▶ **What is expected**
Please copy, exactly as they appear below, the lines from the one containing "Plastic Manual Foot" through the one containing "에어컨 자가점검, 에어컨 무상점검, 무료점검".

▶ **Data records**
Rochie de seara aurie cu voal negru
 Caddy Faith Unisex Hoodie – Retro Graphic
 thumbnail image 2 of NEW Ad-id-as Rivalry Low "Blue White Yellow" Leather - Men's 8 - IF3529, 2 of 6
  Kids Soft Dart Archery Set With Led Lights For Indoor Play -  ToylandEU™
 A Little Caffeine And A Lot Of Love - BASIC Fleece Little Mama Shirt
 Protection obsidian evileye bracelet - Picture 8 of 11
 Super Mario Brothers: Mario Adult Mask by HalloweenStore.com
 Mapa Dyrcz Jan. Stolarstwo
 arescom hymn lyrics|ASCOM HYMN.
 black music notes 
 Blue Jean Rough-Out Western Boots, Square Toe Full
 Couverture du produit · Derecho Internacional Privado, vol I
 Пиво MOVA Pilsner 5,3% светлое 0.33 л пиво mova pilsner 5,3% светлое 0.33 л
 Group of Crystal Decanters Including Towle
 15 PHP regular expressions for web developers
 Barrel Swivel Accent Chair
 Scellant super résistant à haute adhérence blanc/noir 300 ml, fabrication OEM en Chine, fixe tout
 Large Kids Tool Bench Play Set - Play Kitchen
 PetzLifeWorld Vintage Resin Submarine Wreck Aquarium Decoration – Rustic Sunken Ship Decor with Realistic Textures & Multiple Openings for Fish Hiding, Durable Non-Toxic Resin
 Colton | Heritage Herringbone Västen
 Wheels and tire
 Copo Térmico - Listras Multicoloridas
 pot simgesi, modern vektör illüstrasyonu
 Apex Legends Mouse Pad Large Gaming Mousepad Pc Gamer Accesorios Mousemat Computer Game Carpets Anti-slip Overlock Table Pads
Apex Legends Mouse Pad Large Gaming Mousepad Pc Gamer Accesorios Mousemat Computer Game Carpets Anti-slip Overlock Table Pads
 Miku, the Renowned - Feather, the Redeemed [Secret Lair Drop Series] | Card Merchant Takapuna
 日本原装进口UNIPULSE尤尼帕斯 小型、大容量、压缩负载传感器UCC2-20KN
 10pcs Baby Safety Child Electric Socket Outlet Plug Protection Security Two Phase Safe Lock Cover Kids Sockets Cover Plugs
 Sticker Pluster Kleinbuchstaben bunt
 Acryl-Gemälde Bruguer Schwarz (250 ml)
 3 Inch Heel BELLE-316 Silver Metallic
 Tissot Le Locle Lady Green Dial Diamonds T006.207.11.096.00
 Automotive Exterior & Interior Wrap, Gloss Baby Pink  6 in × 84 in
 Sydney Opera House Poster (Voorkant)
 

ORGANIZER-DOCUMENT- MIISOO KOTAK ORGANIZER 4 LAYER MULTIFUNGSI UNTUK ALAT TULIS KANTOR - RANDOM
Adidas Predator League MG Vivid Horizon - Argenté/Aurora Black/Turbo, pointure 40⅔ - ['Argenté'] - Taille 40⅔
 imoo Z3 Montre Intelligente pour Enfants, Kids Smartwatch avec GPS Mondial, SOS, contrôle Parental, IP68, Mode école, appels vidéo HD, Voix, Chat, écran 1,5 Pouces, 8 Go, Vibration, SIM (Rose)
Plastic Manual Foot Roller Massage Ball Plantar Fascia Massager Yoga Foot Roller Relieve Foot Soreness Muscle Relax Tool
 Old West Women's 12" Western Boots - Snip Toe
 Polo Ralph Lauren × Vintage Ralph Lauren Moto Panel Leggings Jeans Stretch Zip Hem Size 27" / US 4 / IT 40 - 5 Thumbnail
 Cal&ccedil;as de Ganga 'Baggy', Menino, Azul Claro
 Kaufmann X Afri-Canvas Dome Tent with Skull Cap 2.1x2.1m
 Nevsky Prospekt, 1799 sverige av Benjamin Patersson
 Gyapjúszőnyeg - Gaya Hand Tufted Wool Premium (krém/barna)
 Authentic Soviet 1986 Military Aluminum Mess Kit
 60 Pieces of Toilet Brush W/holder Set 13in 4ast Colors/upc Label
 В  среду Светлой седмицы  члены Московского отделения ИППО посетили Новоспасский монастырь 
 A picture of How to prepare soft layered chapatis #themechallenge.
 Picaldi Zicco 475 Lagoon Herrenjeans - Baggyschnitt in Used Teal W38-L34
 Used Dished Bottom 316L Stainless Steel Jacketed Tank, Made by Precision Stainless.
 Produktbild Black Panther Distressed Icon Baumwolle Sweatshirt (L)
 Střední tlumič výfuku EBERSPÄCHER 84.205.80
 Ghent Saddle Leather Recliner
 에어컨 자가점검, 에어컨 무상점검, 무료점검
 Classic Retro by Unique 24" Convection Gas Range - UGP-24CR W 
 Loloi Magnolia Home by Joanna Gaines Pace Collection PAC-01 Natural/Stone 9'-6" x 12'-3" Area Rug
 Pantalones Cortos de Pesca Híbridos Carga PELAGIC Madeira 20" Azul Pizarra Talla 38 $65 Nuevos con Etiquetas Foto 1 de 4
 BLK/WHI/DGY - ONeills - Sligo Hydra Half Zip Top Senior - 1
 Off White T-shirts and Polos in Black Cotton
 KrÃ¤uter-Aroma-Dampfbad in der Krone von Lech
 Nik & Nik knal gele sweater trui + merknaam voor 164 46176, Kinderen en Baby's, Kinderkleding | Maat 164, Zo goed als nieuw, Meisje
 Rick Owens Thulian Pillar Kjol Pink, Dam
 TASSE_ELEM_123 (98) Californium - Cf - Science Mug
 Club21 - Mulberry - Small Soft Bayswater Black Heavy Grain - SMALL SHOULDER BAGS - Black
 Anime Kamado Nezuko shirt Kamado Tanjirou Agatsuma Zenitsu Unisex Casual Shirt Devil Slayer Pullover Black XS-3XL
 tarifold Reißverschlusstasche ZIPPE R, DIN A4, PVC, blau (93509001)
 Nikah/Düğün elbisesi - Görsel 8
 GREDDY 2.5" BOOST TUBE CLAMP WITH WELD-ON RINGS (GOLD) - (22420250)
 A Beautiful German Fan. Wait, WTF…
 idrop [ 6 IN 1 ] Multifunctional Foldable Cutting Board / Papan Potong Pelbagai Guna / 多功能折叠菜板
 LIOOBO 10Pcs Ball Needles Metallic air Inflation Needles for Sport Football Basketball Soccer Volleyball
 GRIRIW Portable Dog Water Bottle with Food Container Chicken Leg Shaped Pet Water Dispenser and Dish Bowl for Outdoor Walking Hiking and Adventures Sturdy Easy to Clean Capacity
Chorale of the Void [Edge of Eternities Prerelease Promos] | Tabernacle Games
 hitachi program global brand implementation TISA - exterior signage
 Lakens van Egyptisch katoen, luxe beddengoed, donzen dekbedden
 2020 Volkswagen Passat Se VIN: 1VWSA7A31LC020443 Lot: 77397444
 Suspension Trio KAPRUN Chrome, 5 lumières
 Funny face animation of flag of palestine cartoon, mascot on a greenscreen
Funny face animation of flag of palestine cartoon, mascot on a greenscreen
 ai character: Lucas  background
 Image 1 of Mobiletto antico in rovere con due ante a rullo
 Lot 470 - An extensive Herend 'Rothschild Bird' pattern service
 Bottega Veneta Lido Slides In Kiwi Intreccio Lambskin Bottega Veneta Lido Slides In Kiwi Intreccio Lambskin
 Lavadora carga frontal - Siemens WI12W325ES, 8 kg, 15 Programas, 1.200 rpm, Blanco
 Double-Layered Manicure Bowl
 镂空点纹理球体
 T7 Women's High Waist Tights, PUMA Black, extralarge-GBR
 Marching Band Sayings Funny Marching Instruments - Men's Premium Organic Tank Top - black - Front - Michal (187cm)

▶ **Written answer**
Plastic Manual Foot Roller Massage Ball Plantar Fascia Massager Yoga Foot Roller Relieve Foot Soreness Muscle Relax Tool
 Old West Women's 12" Western Boots - Snip Toe
 Polo Ralph Lauren × Vintage Ralph Lauren Moto Panel Leggings Jeans Stretch Zip Hem Size 27" / US 4 / IT 40 - 5 Thumbnail
 Cal&ccedil;as de Ganga 'Baggy', Menino, Azul Claro
 Kaufmann X Afri-Canvas Dome Tent with Skull Cap 2.1x2.1m
 Nevsky Prospekt, 1799 sverige av Benjamin Patersson
 Gyapjúszőnyeg - Gaya Hand Tufted Wool Premium (krém/barna)
 Authentic Soviet 1986 Military Aluminum Mess Kit
 60 Pieces of Toilet Brush W/holder Set 13in 4ast Colors/upc Label
 В  среду Светлой седмицы  члены Московского отделения ИППО посетили Новоспасский монастырь 
 A picture of How to prepare soft layered chapatis #themechallenge.
 Picaldi Zicco 475 Lagoon Herrenjeans - Baggyschnitt in Used Teal W38-L34
 Used Dished Bottom 316L Stainless Steel Jacketed Tank, Made by Precision Stainless.
 Produktbild Black Panther Distressed Icon Baumwolle Sweatshirt (L)
 Střední tlumič výfuku EBERSPÄCHER 84.205.80
 Ghent Saddle Leather Recliner
 에어컨 자가점검, 에어컨 무상점검, 무료점검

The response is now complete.